I thank the Cape Gazette for its analysis of new side-by-side developments proposed between Route 9 and Milton. I speak only for myself here.

When the representatives of the Cool Spring Crossing project, targeted for Route 9 and Hudson Road, presented the project to the Sussex Planning & Zoning Commission, they justified their request to change the land-use designation of the parcels with a claim that that area is no longer rural.

The Cape Gazette’s story revealed a patchwork of proposed developments spreading westward from the shore, bringing a total of 5,810 new residences, per the story’s map, to the triangle between Five Points in the east and Georgetown and Milton in the west, bounded by Route 1 and Route 9. This is an area zoned by the county as rural land not targeted for concentrated development, and classified by the state as not targeted for infrastructure spending to support new residents. Cool Spring Crossing is only the latest of a succession of attempts to extend the county's coastal growth area designation, and concentrated development, into that space.

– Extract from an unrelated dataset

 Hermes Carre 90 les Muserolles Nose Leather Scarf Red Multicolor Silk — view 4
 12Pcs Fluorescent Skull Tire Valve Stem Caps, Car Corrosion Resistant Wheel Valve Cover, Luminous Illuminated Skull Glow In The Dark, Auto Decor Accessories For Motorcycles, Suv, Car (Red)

U.S. census data shows that most of that area is not currently classified as urban, based on population density. Our own eyes tell us that Route 9 between Lewes and Georgetown is a typical rural connector between two small municipalities, with occasional islands of small businesses and residential developments along that road. The interior is thankfully still rural, with sparse housing, and many active farm fields and forested parcels.

Stating the area is no longer rural sounds like an attempt to claim that a future result some might want has already happened, and it's too late to do anything about it. In reality, if their plans succeed, that will occur. But it hasn't yet.

We often hear that things are inevitable; unplanned population growth is progress; if there's demand for vacation and retirement homes, then we have to provide supply; and landowners have a right to do what they want with their property.

What's actually true is that we need to support equitable ways for farm families to get return on their land, provide affordable housing for those who need it and sustain the region's economy, all without turning the area into the Boca Raton of the Mid-Atlantic. Claims that that outcome is inevitable are a waste of the Sussex public's time, and they need to be ignored.